Matt J on 29 Mar 2021
Edited: Matt J on 29 Mar 2021
You do not need iterative minimization to solve this problem, assuming your c(i) are not constrained to be positive (which seems safe to assume, seeing as you don't mention that in your description). The analytical solution is,
A=fi(:,1:2)-fi(:,3);
b=ground_truth(:)-f(:,3);
c=A\b;
c(3)=1-sum(c);
Matt J on 29 Mar 2021
If the c(i) are bounded to [0,1] but you do not have the Optimization Toolbox, you can proceed very similarly with fminsearchbnd or fminsearchcon (Download). For example,
A=fi(:,1:2)-fi(:,3);
b=ground_truth(:)-f(:,3);
c=fminsearchbnd(@(c) norm(A*c-b), A\b, [0;0], [1;1]);
c(3)=1-sum(c);

William Rose on 29 Mar 2021
I agree with @Andreas Apostolatos that fmincon() is the way to go. See here for details.
You are fitting c, which is called x in the help.
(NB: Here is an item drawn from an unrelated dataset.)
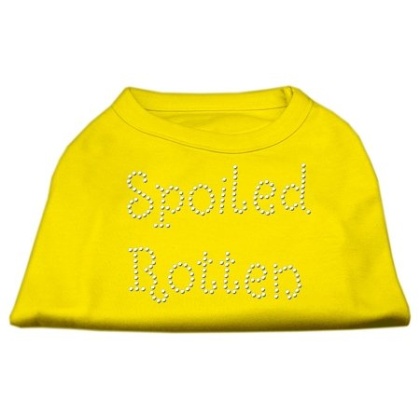 Spoiled Rotten Rhinestone Shirts Yellow Lg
You have a linear equality constraint: c(1)+c(2)+c(3)=1.
Define
Aeq=[1, 1, 1];
beq=1;
Are c1, c2, c3 each restricted to [0,1]? If not, then c=[-99,-1000,+2000] is acceptable. If they are individually constrained to [0,1], then you have lower and upper bound constraints, in which case you must define
lb=[0;0;0];
ub=[1;1;1];
You need an initial guess, so use
c0=[.33; .33; .34];
or whatver.
Then in your code , having done the setup above, you call fmincon:
x=fmincon();
c = fmincon(fun,c0,[],[],Aeq,beq,lb,ub);
In the above replace lb,ub with [],[], if c(i) are not individually constrained to [0,1].
##### 3 CommentsShow 1 older commentHide 1 older comment
William Rose on 30 Mar 2021
@Matt J is correct and I was wrong. The problem is linear in the coefficients, so it can be solved directly by matrix methods, with no initial guess needed - which is what lsqin() does. fmincon() is iterative and less elegant. You can use Aeq and beq as I suggested, when you call lsqlin(), in order to enforce the constraint c1+c2+c3=1.
Matt J on 30 Mar 2021
No, lsqlin is an iterative solver, and I do agree that you need an iterative solution if you have bounds. The reason that lsqlin doesn't require an initial guess is because it knows that the minimization problem is convex, and so will always converge to a global minimum. fmincon on the other hand is designed to solve more general problems and cannot know whether the problem it is given is convex.